Our first stop was the ancient town of Chiang Saen whose walls, in ruined state, attest to its occupation by successive dynasties of Lanna kings, each of whom left his mark by fortifying the town against foreign invasion. Though it is a rather nondescript town, Wat Chedi Luang, a 12th century wat still attracts passers-through and its large Buddha image is a definite draw in the wihan. We made a quick stop here and then proceeded to the town of Ban Sop Ruak where the Golden Triangle is the chief attraction. In less than an hour, we were sitting down to a buffet lunch in a resort restaurant right on the banks of the legendary Mekong River that winds its way through China, Laos, Thailand, Burma, Vietnam and Cambodia. Here too, the fresh green vegetation gave the entire region its distinctive ambience, enhanced by the knowledge that we were in one of the world’s most remote outposts.

Thailand_Dsc05279

At Sop Ruak, elaborate stone arches mark the confluence of three countries—Burma, Thailand and Laos. Indeed, Laos is separated from Thailand only by the Mekong and the tail of the Triangle that juts into the river is still a part of Burma (now called Myanmar). The region is called the Golden Triangle because it was once home to a flourishing trade in the cultivation of the local poppy flower from which opium was derived. In recent years, Thailand has invested in heavy crop substitution so that the poppy has been almost wiped out from the region. In Myanmar, the Paradise Casino and Resort is now the main money-earner though gambling is illegal in Thailand.

Thailand_Dsc05287

We were thrilled to discover that only 250 miles upstream along the Mekong River was the border of China and seeing a ferry on the river that sported the red flag of China, we knew how close we were to this huge Communist country. This thought was exciting but we were sorry that we could not enter China on this trip.

Thailand_Dsc05289

Then, after posing for a number of pictures, we left Sop Ruak behind us and proceeded north to Mae Sai, the northern-most town on the border of Thailand (left). Though this is rather a one-horse town, it is distinctive for the numbers of Burmese traders who cross the border daily to hawk their wares in Thai markets. Of course, we could not resist the thought of crossing the border physically into the Union of Myanmar, a very easy walk across a narrow bridge where Immigration formalities are carried out. Obtaining a Burmese visa at the border crossing, we proceeded on foot into the Burmese town of Thakilek and found it to be not much different from Mae Sai. However, there was a striking blue pagoda of a Buddhist monastery in Thakilek and on exploring the town further, I found it to be rather well laid out. It calls itself the “City of the Golden Triangle” and its greatest revenue comes from tourist buses that cross over from the Thai side to buy cheap souvenirs to remember their visit. For more information about our historic crossing into Burma, please click on the Burma link.
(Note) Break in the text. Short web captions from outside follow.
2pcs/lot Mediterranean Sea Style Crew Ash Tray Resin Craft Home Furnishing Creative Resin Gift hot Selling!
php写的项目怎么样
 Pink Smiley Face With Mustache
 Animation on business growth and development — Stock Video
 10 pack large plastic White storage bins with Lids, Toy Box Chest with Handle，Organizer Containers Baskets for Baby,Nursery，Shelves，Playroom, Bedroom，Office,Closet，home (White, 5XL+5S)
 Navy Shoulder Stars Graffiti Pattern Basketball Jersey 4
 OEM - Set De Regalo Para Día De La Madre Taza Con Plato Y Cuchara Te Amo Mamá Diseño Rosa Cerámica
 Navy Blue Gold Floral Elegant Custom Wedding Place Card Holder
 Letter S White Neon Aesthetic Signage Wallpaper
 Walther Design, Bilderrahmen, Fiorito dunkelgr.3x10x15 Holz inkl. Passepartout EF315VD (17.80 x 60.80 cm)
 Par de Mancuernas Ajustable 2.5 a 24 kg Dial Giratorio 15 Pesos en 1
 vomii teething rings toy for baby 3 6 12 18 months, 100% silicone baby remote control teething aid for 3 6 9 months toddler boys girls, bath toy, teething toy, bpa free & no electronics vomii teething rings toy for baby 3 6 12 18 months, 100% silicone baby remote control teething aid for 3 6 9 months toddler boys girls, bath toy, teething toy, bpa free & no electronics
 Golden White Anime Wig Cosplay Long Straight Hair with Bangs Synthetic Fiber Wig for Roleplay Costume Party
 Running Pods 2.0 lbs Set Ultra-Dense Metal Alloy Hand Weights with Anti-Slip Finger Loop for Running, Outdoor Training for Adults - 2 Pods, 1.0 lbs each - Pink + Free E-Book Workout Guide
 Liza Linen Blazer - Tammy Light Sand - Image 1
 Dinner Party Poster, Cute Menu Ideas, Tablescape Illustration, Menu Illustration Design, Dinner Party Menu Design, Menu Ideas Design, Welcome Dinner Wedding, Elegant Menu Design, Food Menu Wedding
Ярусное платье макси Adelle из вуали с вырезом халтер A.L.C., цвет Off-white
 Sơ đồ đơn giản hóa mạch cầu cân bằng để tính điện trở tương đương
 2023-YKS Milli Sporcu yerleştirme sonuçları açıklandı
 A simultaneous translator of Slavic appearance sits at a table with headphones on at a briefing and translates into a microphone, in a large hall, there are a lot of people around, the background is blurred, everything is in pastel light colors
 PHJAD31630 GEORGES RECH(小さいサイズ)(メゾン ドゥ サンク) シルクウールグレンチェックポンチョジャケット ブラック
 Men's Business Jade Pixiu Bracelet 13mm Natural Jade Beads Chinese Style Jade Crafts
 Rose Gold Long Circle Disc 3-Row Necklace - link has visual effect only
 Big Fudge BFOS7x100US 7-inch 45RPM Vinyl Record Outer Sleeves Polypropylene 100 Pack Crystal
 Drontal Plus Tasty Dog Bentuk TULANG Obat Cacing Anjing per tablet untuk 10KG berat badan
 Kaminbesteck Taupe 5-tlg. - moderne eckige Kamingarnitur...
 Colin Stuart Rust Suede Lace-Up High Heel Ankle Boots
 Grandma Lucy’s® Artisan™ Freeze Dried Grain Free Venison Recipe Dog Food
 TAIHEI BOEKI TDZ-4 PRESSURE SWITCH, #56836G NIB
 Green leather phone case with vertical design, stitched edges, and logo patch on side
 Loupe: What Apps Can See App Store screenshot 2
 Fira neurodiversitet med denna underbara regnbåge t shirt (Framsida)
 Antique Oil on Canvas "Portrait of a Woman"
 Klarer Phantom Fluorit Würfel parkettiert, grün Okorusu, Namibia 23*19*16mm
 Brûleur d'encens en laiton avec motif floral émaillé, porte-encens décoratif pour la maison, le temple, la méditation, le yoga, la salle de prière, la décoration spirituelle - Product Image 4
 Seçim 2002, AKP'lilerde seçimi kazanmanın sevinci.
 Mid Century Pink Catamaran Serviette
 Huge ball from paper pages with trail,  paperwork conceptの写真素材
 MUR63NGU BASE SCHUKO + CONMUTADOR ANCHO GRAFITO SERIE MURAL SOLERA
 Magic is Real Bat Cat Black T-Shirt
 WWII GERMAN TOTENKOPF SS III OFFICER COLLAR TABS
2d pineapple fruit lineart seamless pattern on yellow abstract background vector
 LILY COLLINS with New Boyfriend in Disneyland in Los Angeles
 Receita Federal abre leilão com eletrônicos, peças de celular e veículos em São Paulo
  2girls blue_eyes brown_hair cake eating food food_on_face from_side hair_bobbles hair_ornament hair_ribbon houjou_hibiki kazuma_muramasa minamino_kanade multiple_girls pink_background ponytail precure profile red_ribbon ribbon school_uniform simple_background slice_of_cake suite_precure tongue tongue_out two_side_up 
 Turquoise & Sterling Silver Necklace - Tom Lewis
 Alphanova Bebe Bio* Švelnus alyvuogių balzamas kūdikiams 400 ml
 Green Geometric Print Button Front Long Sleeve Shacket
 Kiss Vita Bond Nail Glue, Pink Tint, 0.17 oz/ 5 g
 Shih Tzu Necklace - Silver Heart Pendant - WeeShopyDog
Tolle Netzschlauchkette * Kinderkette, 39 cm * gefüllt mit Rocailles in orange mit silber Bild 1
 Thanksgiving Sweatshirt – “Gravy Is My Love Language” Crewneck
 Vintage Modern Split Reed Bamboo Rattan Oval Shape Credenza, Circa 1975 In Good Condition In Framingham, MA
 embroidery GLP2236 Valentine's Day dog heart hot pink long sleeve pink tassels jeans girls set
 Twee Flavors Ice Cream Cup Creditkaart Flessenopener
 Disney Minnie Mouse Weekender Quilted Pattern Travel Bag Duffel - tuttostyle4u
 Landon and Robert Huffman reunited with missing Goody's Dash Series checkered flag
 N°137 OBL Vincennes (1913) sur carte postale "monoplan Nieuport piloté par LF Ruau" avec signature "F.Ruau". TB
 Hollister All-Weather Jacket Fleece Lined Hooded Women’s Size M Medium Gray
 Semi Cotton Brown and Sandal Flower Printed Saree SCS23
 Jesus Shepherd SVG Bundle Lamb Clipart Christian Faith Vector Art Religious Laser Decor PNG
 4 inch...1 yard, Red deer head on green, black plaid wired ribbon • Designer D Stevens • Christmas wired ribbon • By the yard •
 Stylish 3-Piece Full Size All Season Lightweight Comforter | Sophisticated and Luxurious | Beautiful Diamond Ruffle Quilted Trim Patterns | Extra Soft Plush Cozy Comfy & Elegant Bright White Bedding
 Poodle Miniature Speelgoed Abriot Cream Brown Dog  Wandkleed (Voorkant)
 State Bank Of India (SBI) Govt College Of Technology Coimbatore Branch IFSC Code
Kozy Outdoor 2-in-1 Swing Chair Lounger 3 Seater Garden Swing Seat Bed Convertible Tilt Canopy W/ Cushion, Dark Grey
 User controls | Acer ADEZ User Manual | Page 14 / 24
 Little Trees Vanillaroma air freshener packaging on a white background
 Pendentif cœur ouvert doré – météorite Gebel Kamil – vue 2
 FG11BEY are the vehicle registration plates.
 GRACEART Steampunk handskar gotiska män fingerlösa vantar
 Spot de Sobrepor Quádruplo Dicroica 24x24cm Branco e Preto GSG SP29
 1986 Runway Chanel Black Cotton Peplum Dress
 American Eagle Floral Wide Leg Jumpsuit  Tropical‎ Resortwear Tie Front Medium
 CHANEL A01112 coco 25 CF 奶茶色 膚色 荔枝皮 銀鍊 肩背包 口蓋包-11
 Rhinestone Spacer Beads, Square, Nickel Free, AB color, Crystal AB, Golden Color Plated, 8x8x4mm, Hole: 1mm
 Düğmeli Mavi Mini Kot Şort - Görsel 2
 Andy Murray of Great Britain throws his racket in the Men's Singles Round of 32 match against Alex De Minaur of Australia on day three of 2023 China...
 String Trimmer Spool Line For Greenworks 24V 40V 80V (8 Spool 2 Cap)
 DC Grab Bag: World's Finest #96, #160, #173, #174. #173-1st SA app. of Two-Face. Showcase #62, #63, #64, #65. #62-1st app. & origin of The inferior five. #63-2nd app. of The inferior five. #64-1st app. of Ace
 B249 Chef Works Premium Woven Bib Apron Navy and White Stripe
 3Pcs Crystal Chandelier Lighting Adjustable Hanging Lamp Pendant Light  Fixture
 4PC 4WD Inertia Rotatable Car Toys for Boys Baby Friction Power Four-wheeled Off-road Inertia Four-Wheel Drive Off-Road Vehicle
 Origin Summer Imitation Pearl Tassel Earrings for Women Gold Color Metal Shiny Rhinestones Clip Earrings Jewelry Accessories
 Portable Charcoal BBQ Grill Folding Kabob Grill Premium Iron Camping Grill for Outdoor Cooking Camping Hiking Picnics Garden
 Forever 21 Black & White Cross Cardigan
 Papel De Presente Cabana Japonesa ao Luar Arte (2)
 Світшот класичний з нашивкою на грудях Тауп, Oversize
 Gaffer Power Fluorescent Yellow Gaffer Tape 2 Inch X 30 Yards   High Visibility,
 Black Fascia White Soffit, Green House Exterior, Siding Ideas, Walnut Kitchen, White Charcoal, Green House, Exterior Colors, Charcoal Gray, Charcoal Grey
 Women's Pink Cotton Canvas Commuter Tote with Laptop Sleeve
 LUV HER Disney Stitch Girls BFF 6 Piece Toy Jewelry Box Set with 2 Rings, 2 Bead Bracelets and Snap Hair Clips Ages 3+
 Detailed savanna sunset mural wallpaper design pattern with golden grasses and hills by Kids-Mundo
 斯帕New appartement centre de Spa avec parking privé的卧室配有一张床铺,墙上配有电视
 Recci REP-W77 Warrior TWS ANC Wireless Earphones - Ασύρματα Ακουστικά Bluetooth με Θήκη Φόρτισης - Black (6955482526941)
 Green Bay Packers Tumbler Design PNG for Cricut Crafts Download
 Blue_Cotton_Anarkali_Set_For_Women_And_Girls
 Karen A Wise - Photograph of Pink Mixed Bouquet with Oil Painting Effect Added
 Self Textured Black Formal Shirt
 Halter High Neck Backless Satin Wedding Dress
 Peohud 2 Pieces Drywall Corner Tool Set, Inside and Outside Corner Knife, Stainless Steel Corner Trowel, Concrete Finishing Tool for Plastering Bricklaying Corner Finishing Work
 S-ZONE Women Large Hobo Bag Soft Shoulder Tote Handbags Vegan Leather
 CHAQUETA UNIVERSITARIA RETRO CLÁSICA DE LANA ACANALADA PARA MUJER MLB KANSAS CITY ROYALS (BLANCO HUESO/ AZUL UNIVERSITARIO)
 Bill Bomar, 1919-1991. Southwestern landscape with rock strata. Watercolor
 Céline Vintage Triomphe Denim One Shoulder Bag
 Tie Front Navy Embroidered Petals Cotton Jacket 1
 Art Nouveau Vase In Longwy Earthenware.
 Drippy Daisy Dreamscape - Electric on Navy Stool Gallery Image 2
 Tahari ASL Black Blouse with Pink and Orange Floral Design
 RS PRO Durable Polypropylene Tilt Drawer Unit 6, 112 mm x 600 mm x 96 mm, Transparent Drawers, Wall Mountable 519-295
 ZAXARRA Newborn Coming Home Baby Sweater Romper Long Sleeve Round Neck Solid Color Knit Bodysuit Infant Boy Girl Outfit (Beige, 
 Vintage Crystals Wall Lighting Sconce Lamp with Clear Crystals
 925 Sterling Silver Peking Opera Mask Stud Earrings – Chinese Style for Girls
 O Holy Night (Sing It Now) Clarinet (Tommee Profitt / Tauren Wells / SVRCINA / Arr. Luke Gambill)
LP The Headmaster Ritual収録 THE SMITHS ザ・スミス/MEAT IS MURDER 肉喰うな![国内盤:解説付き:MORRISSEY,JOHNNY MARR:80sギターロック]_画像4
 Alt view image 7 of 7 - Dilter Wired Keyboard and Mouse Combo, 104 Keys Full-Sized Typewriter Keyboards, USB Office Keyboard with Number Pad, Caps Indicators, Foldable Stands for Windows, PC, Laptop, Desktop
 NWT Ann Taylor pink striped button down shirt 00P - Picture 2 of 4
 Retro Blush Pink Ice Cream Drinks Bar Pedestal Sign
Singapore: An Idyllic Island-Nation

 

SEASIDE_Dsc05072

Our sojourn began in Singapore, a country that I have wanted to visit for the past 25 years. Somehow, I never got around to that corner of the globe and when I did arrive there with my mother Edith, flying into Changi airport, I found that it was everything I had heard about and more. The airport is ablaze with color in the golden Italian marble flooring and walls and the pots and pots of purple orchids spilling over in abundant profusion.

SEASIDE_Dsc05045

This year, Changi airport (left) completes its 25th anniversary and celebrations extended into the creation of enhanced facilities for passengers that include free Internet access, showers and massages!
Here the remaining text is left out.